In each case, the individual whose resignation was being considered was not allowed to vote but all the others who offered resignations at the same time were. Two directors, Kenneth B. Hart and Christopher Swann, joined the board after the others and were elected separately by preferred-share holders. Swann has pushed for a reorganization of the company and more rapid sale of its properties.

“I’m not surprised. They only had two remaining members, and it’s not enough [to function],” said Charles Elson, a corporate governance consultant, former University of Delaware finance professor, and founding director of the Weinberg Center for Corporate Governance.

Elson said it’s rare for such a large number of directors to fail to win a majority of votes all at once. But even when it’s a smaller number, it’s more common for the board to keep the rejected director on until a replacement is appointed — or even a whole new board.

“Directors failing to receive majority support is rare. But for that to happen to an entire board, is extremely unusual. It sends a strong message of no-confidence to the board,” said Jun Frank, managing director of compensation and governance advisory at ISS Corporate Solutions, a Rockville, Md., group which advises investors on governance issuers.

PREIT declined to comment beyond what was laid out in the filing.

The shareholder revolt on June 1 is the latest sign of trouble for PREIT, long known as the largest mall owner in Pennsylvania.

Over the past five years, its stock price plummeted from almost $170 a share to under a dollar.
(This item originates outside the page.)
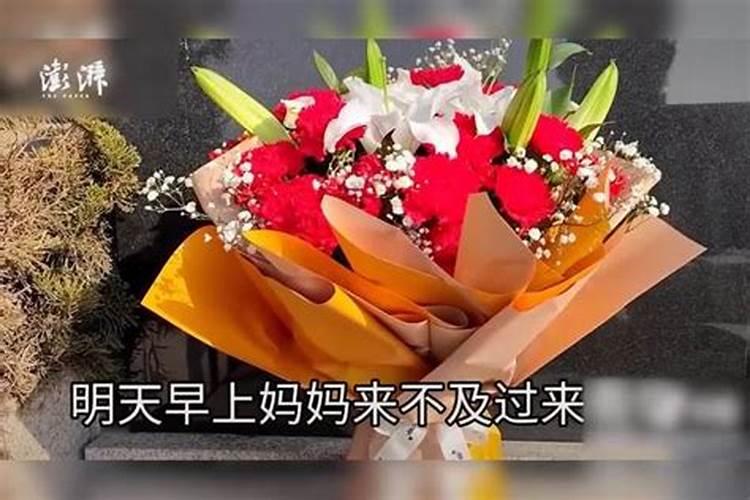清明节的介绍 清明节是做什么的日子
In 2020 the company declared bankruptcy, and in December it was delisted from the New York Stock Exchange. The company owes creditors almost $1 billion, and debt service costs have strained its financial performance.

With a few major exceptions — such as the Exton Square Mall and the Fashion District in Philadelphia (which PREIT no longer controls) — the company has strong occupancy rates and sales across its properties.

It owns a variety of well-known malls across the Philadelphia region and in Washington, D.C., notably including the Cherry Hill Mall, which takes in sales at almost twice the national average for malls.

PREIT’s fate is also important to the 25,000 workers who are employed throughout its properties.

The company’s fortunes have flagged during a period when many mall owners have struggled. The market is bifurcated, with superstar performers such as Cherry Hill and King of Prussia continuing to succeed, while many other malls seeking redevelopment and diversified offerings such as housing.

PREIT’s debt load is partly due to its efforts to face this new reality, as its malls require large capital commitments — as do the efforts to diversify its real estate.

Market observers have speculated that the shareholder revolt could be a prelude to a sale. There are few takers for mall properties in the present environment, however, so any sale would probably occur on a property-by-property basis.

“There’s really no buyer of malls [right now],” Alexander Goldfarb, a commercial real estate analyst with Piper Sandler Investment, told The Inquirer last week.

(This story has been updated from an earlier versions. It adds comments from ISS Corporate Solutions, which advises investors in public companies; and it clarifies the director status of Kenneth B. Hart and Christopher Swann, who were not part of the recent board election at which other directors received minorities of shareholder votes.)